The arrival of more than one million refugees and migrants in Europe last year led Germany, Austria, Denmark, Norway and Sweden to suspend the Schengen agreement, which has abolished many of the EU's internal borders and thus enabled passport-free travel throughout the bloc.
However, the suspension of Schengen at some shared borders has reportedly led to higher economic costs related to barriers to trade and traffic delays at border crossing points.
In the report published on Thursday, which was commissioned by the European Parliament, the think-tank calculated the cost of re-establishing border controls in the Schengen area. It found that re-establishing border controls in Europe would cost around 2-3 billion euros ($2.1 – 3.3 billion) in annual operating costs.
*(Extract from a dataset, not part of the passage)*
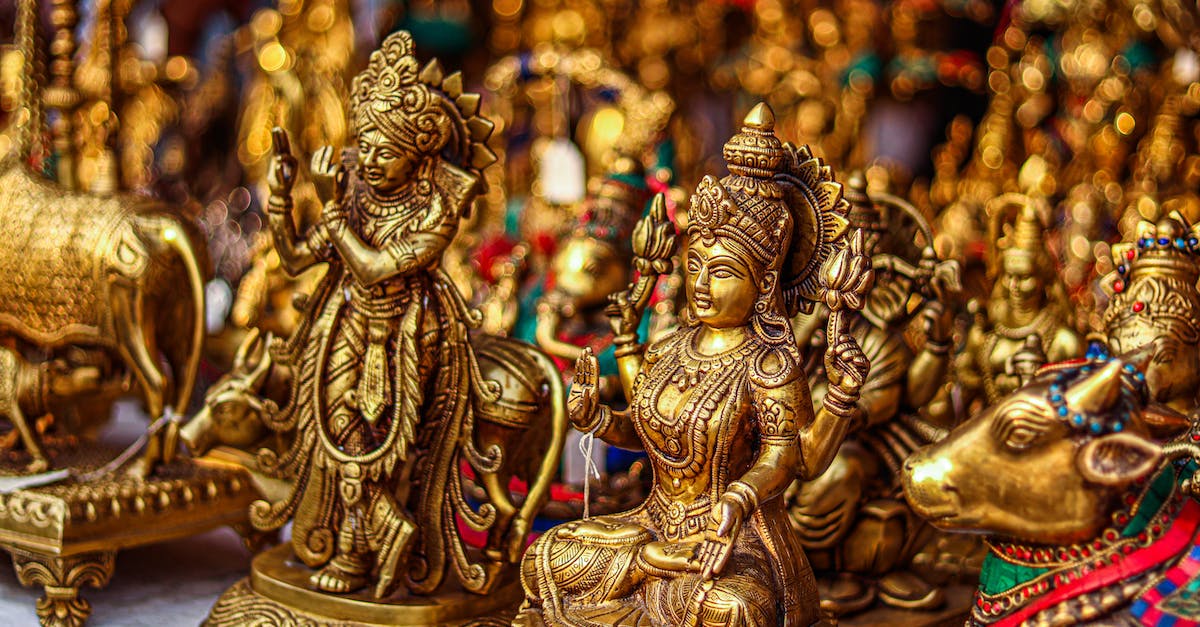 fame on realm of the mad god [duplicate] - Gold Hindu Deity Figurine on Brown Wooden Table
This would also involve fixed one-off costs of up to 19 billion euros ($21 billion), depending on the timeframe for establishing border controls. The permanent establishment of border controls would result in a higher one-off cost, RAND reported.
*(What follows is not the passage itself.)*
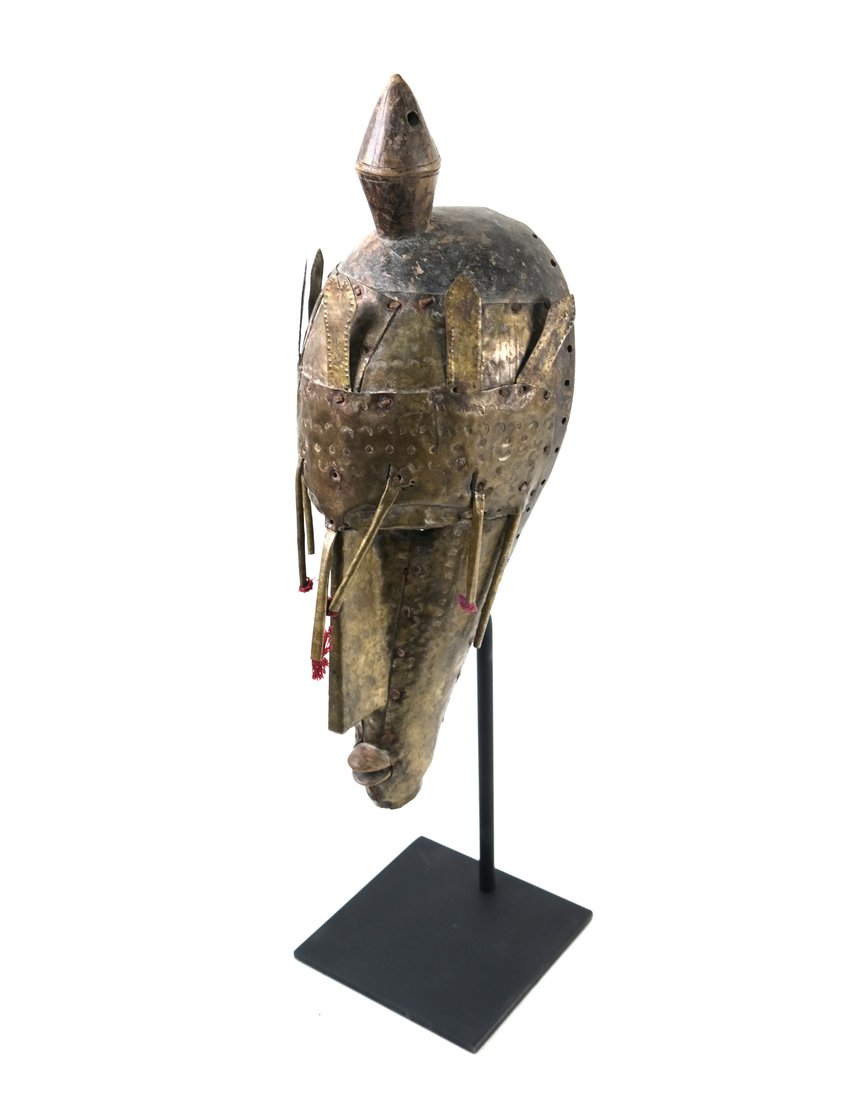 Metal and Wood Tribal Mask and Headdress: Metal and wood tribal mask/headdress mounted on metal stand. [20" H x 5" W x 5" D]. Some losses to wood and metal.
On Thursday EU Interior Ministers met in Luxembourg to discuss the possibility of renewing border-free internal travel after the initial emergency measures are scheduled to end on November 15.
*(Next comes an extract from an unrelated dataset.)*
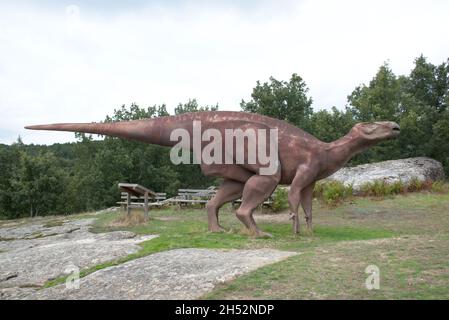 Recreation of a real-size fiberglass iguanodon. Site of ichnites of Regumiel de la Sierra, Burgos, Spain. Stock Photo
The Schengen agreement was initially signed by five European governments (Belgium, Germany, France, Luxembourg and the Netherlands) in the Luxembourgish town of Schengen in 1985, and came into force in 1995.
There are now 26 members of the Schengen zone, four non-EU members (Iceland, Norway, Switzerland and Liechtenstein) and 22 EU members. Six EU members are outside the Schengen area. They are the UK, Ireland, Romania, Bulgaria, Croatia, and Cyprus. While the first two have an opt-out on the Schengen agreement, the latter four are candidate countries and will be required to join the zone in the future.